As a first-time filmmaker, my learning curve over the past 10 years has been steep!  Our film, A Lot Like You, explores the lens we all bring to the story of our lives–the stories we inherit, and the stories we pass down about who we are and where we come from.

During our 10-year film journey, the popularity of documentaries soared while the US economy collapsed.  Many funding resources dried up.  And the few remaining funders were looking to fund films that exposed injustice and inspired people to take concrete, measurable action.  And so we saw a surge in the number of engaging, informative single-issue docs that came complete with a clearly-defined call to action.

By comparison, my film offered none of these things.  In addition to being a novice filmmaker, I am a queer, mixed-race daughter of immigrants making a personal film about my family on Mt. Kilimanjaro.  No one famous.  Just people.                                                                                                                    

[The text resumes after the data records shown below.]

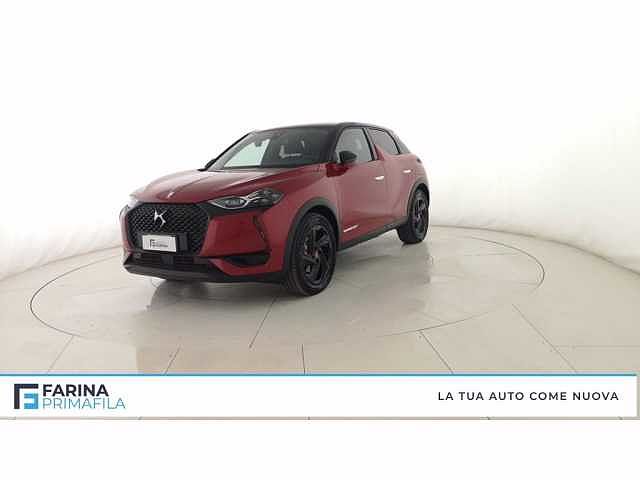 DS DS3 Crossback DS 3 Crossback E-Tense Performance Line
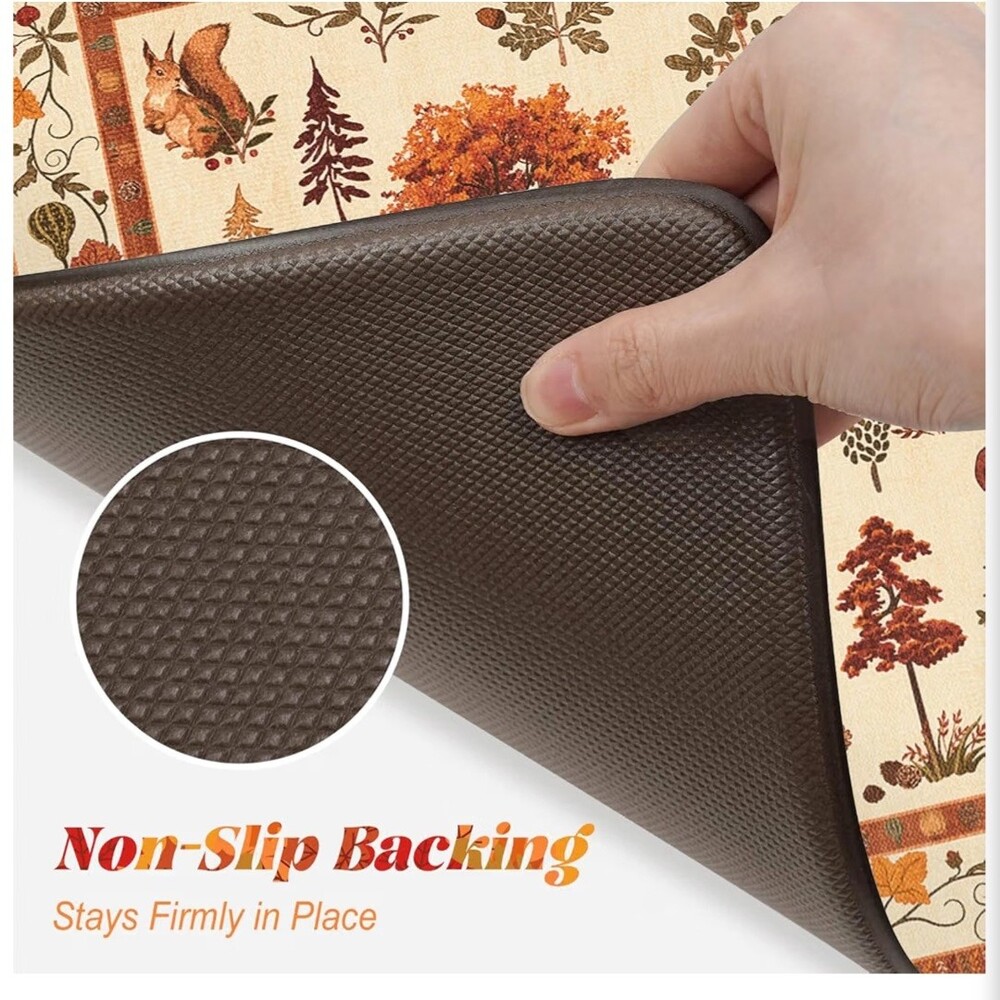 Fall Anti fatigue Mat Set - Picture 3 of 3
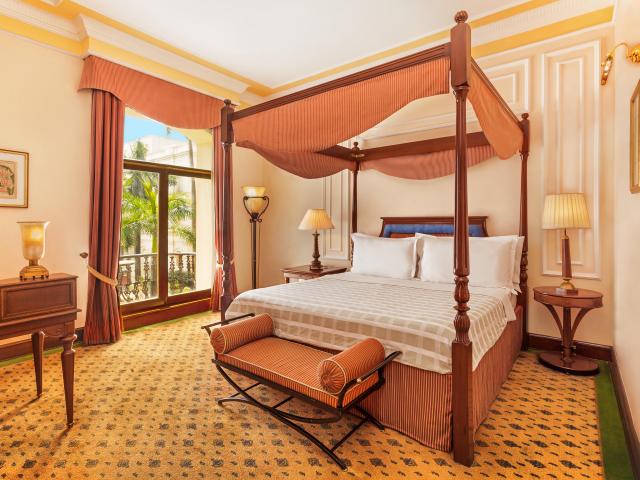 The Oberoi Grand - CLOSED - 2025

Our story also cuts across multiple issues.  Over the course of the film, we witness how our experiences of family, culture, class, race, gender and trauma all play a role in shaping our sense of identity and belonging.  We had to resist considerable pressure to simplify our story.  And we had no way of predicting, let alone measuring, the film’s eventual social impact.

A Lot Like You premiered at the 2011 Seattle International Film Festival, and has been on the festival, campus and conference circuit ever since.  Over the past 2 years, we’ve come to discover that the undeniable gift of A Lot Like You is its power to ignite dialogue and inspire deep introspection.               

The ripple effect of truth telling that begins on the screen carries through to our post-screening conversations.  And the change these conversations bring about can be truly profound and long-lasting.

We received this postcard 10 months after our film screened at this University.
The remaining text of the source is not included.